(Information supplied begins)

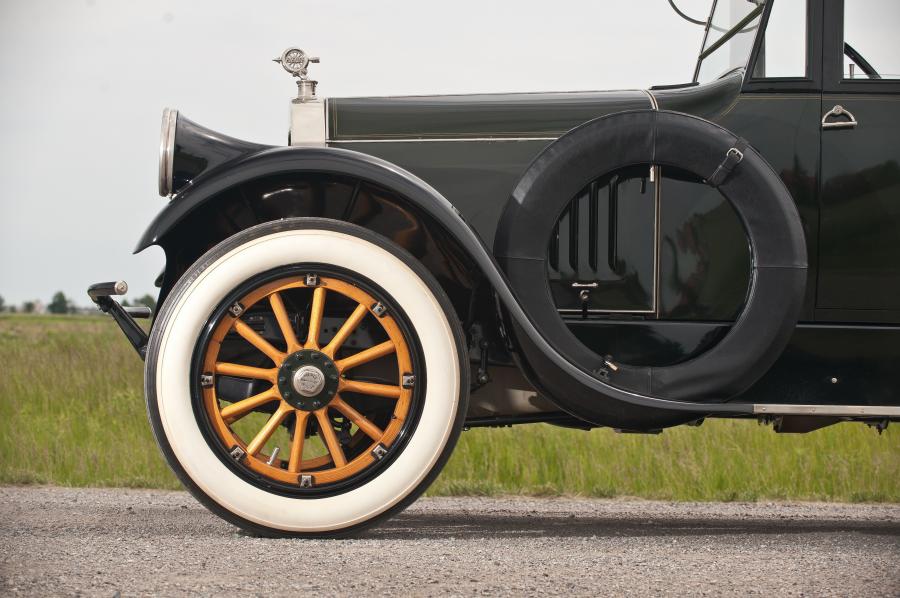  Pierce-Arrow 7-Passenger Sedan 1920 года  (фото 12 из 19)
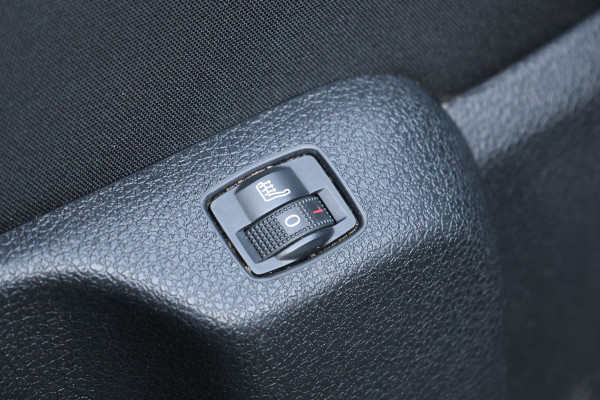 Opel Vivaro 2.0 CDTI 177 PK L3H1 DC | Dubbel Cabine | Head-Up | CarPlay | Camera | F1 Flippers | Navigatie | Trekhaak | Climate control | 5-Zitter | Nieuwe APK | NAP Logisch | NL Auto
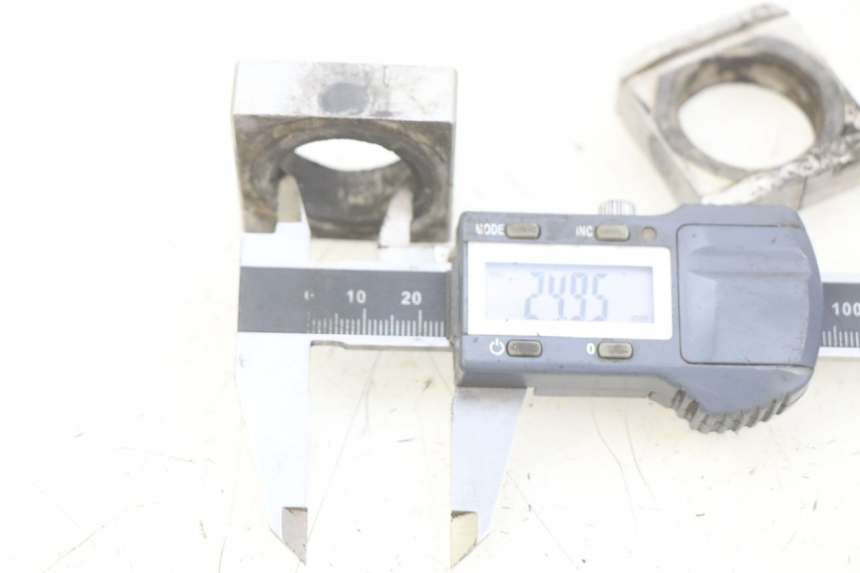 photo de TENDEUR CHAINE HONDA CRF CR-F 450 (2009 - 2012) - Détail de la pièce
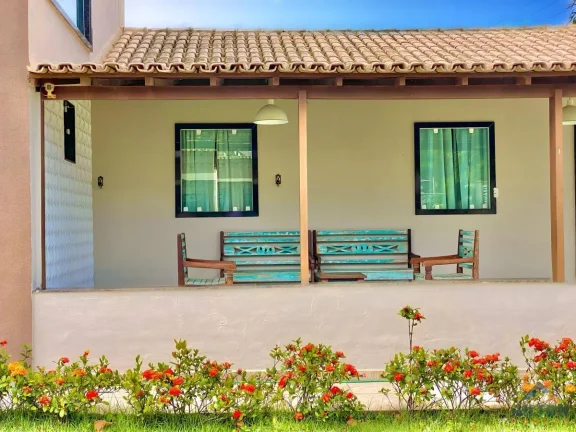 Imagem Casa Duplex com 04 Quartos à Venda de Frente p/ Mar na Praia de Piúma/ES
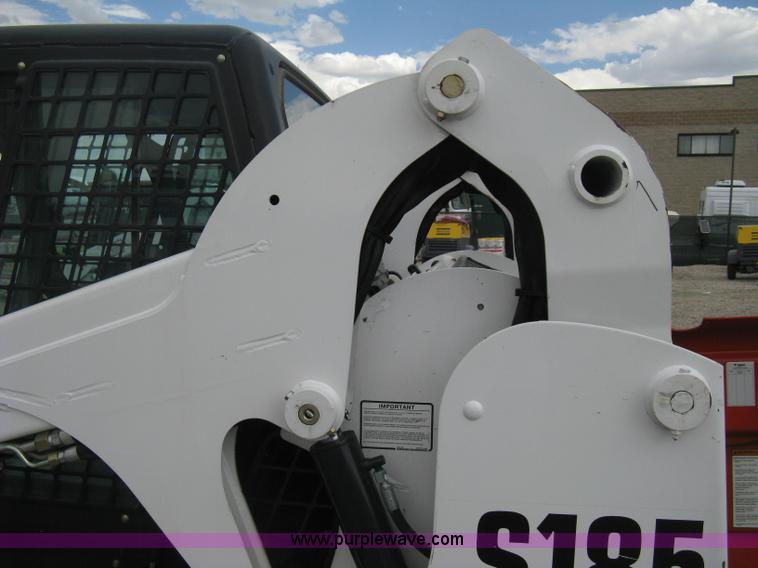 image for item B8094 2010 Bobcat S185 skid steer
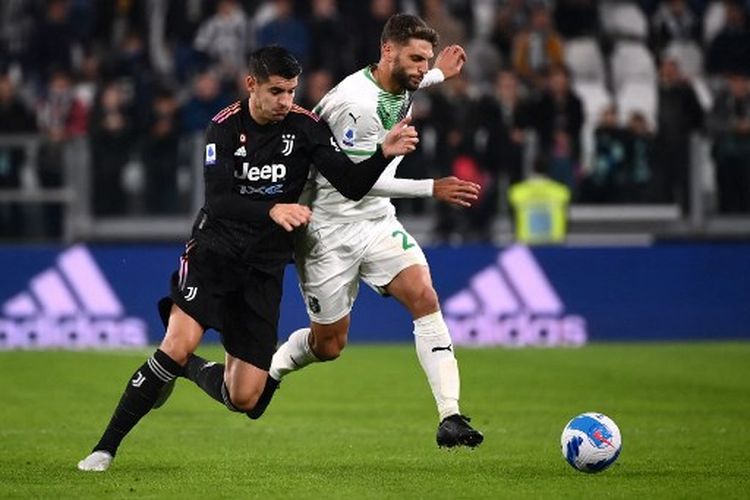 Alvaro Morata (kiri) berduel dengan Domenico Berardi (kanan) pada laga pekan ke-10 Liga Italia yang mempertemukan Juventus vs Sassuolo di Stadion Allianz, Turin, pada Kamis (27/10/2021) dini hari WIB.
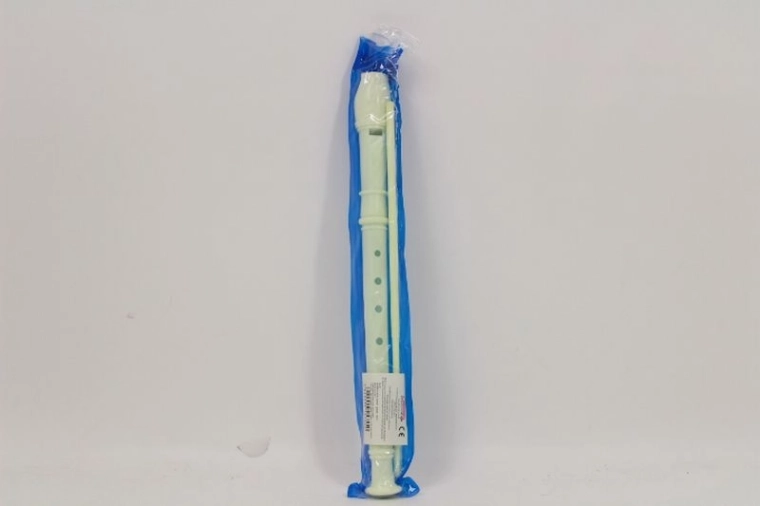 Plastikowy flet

(Information supplied ends)
(Information supplied begins)

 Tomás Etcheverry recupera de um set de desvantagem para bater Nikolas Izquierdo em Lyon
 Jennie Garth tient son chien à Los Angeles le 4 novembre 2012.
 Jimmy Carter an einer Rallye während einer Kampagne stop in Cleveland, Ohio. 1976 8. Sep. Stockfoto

(Information supplied ends)
(Information supplied begins)

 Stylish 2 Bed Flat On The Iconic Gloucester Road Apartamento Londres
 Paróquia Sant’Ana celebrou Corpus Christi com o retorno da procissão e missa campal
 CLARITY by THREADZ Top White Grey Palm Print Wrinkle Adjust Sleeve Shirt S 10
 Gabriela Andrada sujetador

(Information supplied ends)

* _Task requirements_: Return only the lines between the one holding "Stylish 2 Bed" and the one holding "Gabriela Andrada sujetador", inclusive, exactly as they appear above.

* _Answer for the task_:
 Stylish 2 Bed Flat On The Iconic Gloucester Road Apartamento Londres
 Paróquia Sant’Ana celebrou Corpus Christi com o retorno da procissão e missa campal
 CLARITY by THREADZ Top White Grey Palm Print Wrinkle Adjust Sleeve Shirt S 10
 Gabriela Andrada sujetador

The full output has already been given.